Aufgrund des Rückrufes hält man es bei Fudzilla gar möglich, dass die neuen Chipsätze, Codename "Panther Point", sogar früher herauskommen, eventuell im 4. Quartal diesen Jahres.

Intel gibt offiziell seinen Partnern zu verstehen, dass Ivy Bridge im 22nm-Verfahren gefertigt wird und in der ersten Hälfte 2012 erscheint. Dabei werden einige neue Features kommen, so wie eine Leistungsstärkere Grafik und ein neuer Speichercontroller.

Der integrierte Speichercontroller soll Dual Channel beherrschen und DDR3 mit bis zu 1600 MHz unterstützen. Sogar SO DIMM-Unterstützung ist vorhanden.
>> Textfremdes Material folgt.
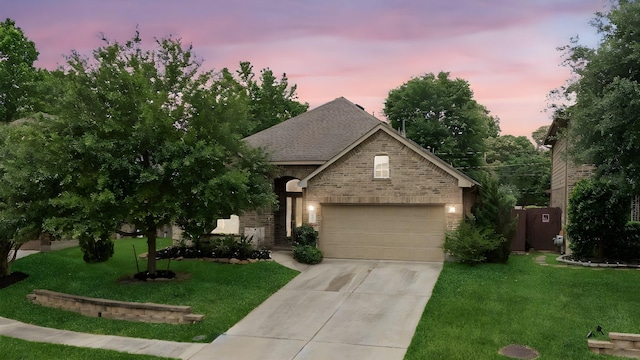 view of front of home with a shingled roof, an attached garage, brick siding, a front yard, and driveway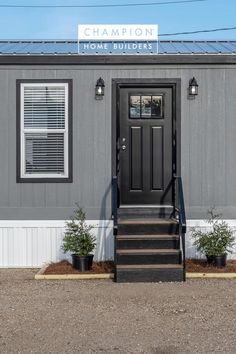 the front entrance to champion home builder's with black door and steps leading up to it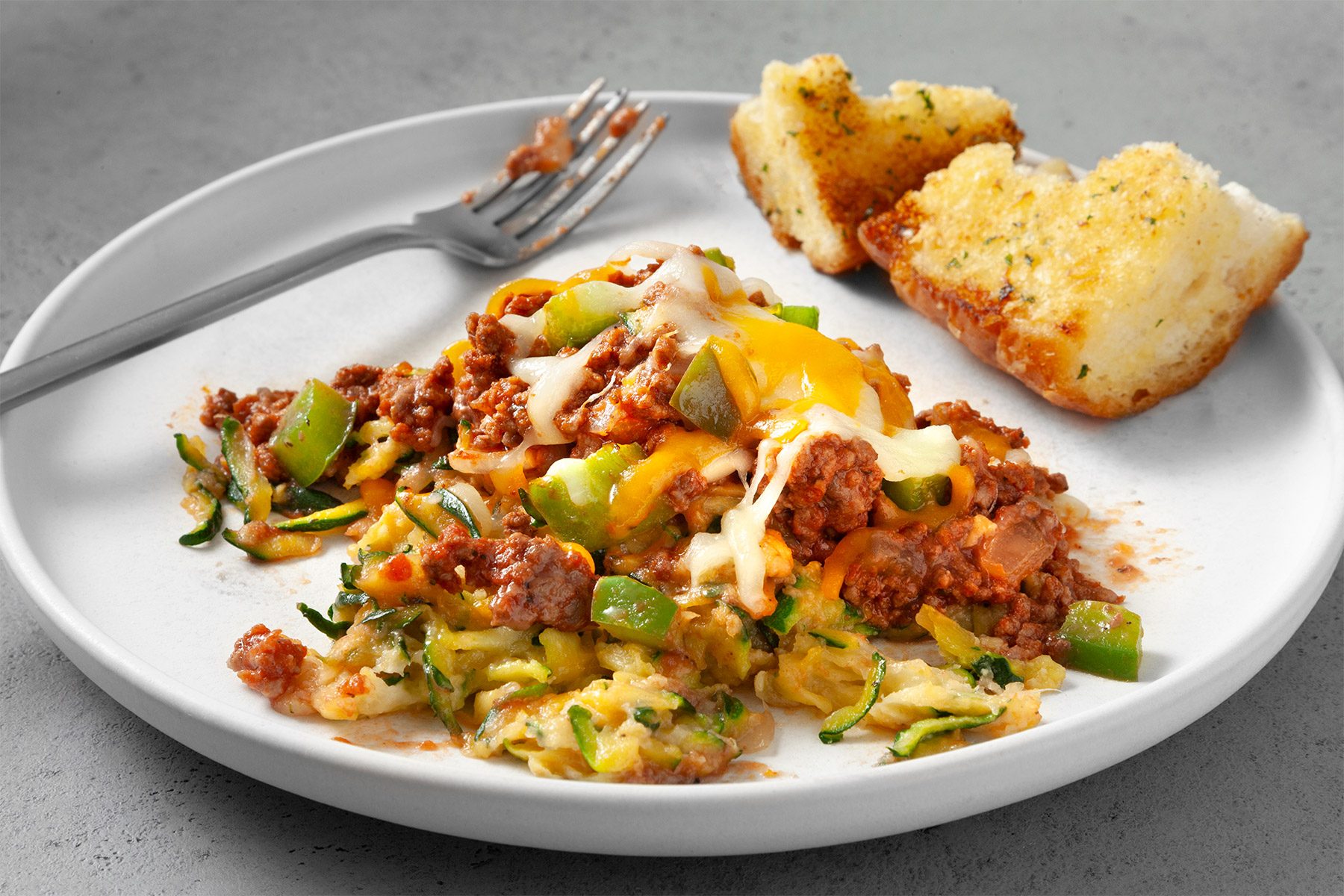 close shot of zucchini pizza casserole served with bread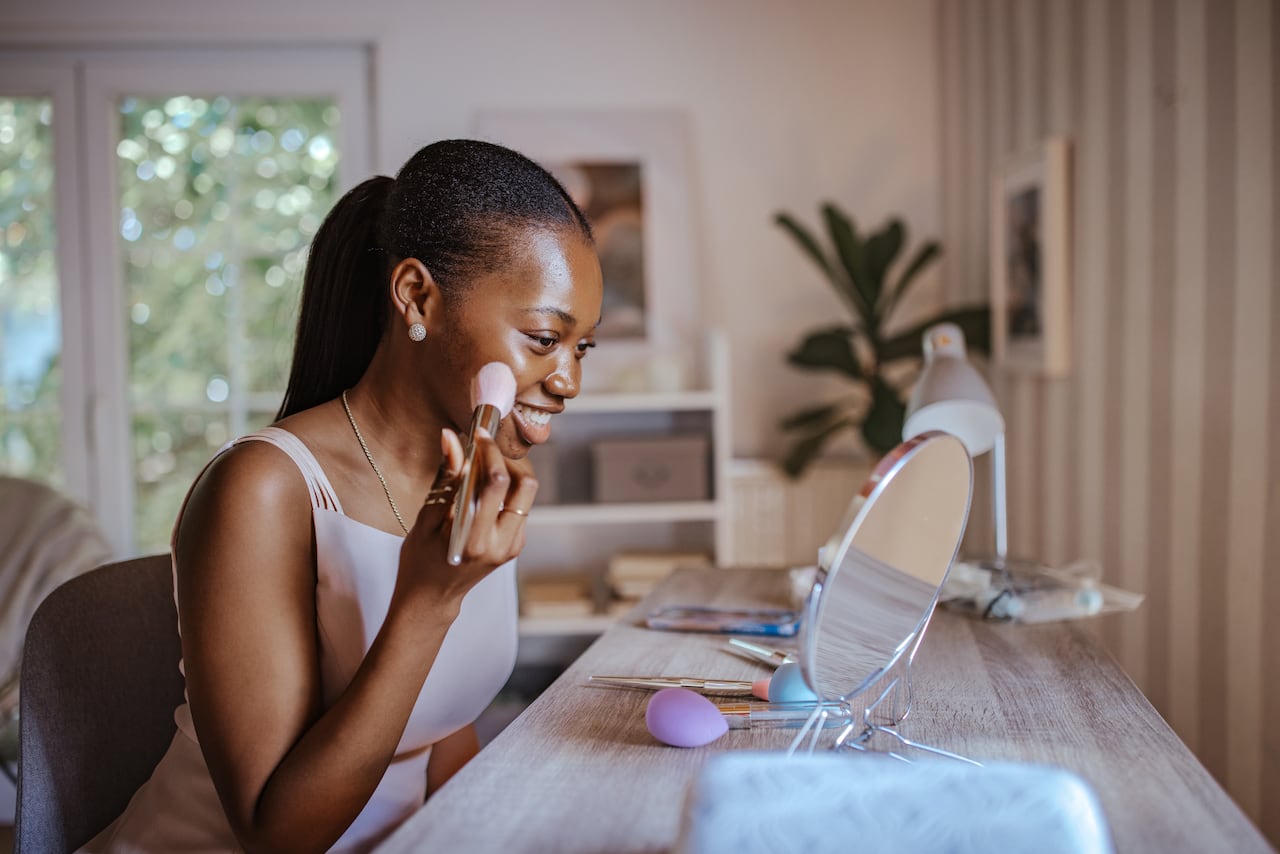 Young black girl getting glammed up for prom.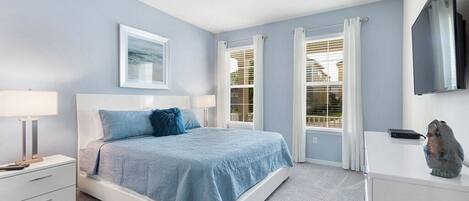A bedroom with a bed, a nightstand, a dresser, a flat-screen TV, and a window with curtains.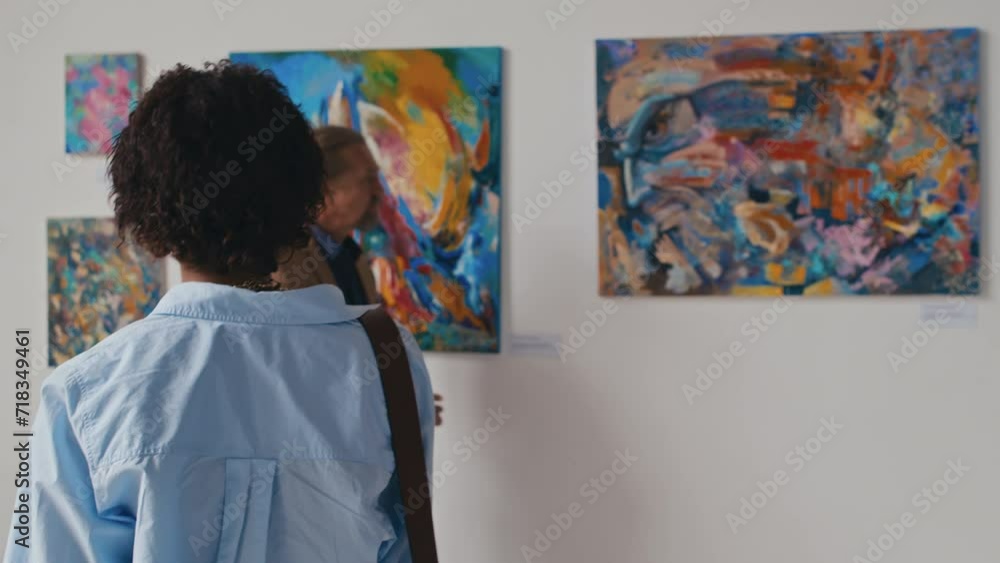 Medium close-up follow shot of young casually dressed African American woman walking through museum hall towards wall with colourful abstract paintings, stopping and viewing them closely Medium close-up follow shot of young casually dressed African American woman walking through museum hall towards wall with colourful abstract paintings, stopping and viewing them closely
Quelle: Ivy Bridge 22nm has DDR3 1600 support


----------



## Shi (4. Februar 2011)

*AW: ARM will in den PC-Markt, Ivy Bridge kommt mit DDR3-1600 Unterstützung*

Oha, ein neuer CPU-Hersteller? Klasse! Macht ARM dann x86 CPUs?


----------



## timee95 (4. Februar 2011)

*AW: ARM will in den PC-Markt, Ivy Bridge kommt mit DDR3-1600 Unterstützung*

So wie ich dass verstanden habe, wolln die mit der ARM Architektur in den PC Markt. Ich denke für viele Büro PCs macht es sogar sin, da die Rechenleistung der starken x86 CPus größten teils verheizt wird. Aber wie gesgt wird viel von der angebotenen Software abhängen.

Timee


----------



## TAZ (4. Februar 2011)

*AW: ARM will in den PC-Markt, Ivy Bridge kommt mit DDR3-1600 Unterstützung*

Nein ARM macht weiter CPUs auf RISC-Basis, aber Microsoft wird mit Windows 8 diese CPU-Architektur unterstützen.


----------



## D3N$0 (4. Februar 2011)

*AW: ARM will in den PC-Markt, Ivy Bridge kommt mit DDR3-1600 Unterstützung*

Ist doch Klasse, Konkurrenz belebt das Geschäft. wenn VIA jetzt noch ebenfalls in den Desktopbereich vordringen würde hätte man ednlich wieder reichlich Auswahl


----------



## Zockkind (5. Februar 2011)

*AW: ARM will in den PC-Markt, Ivy Bridge kommt mit DDR3-1600 Unterstützung*

Naja Via wirds wohl nicht mehr schaffen 
Aber desto mehr Auswahl desto besser ist der Preis , eigentlich


----------



## GTA 3 (5. Februar 2011)

*AW: ARM will in den PC-Markt, Ivy Bridge kommt mit DDR3-1600 Unterstützung*

Immer her damit, Preissturz!!


----------



## Steck0rWechsl0r (5. Februar 2011)

*AW: ARM will in den PC-Markt, Ivy Bridge kommt mit DDR3-1600 Unterstützung*

Ich habe da einen sehr, sehr schönen Artikel dazu gefunden: The Coming War: ARM versus x86


----------



## ikarus_can_fly (5. Februar 2011)

*AW: ARM will in den PC-Markt, Ivy Bridge kommt mit DDR3-1600 Unterstützung*

Wir werden sehen wir Wirkungsvoll und wieviel Programme damit wie gut laufen


----------



## Superwip (5. Februar 2011)

*AW: ARM will in den PC-Markt, Ivy Bridge kommt mit DDR3-1600 Unterstützung*

Mal sehen, was daraus wird... es wird nicht einfach werden, ARM CPUs zu bauen, die mit aktuellen Desktop X86 CPUs mithalten können...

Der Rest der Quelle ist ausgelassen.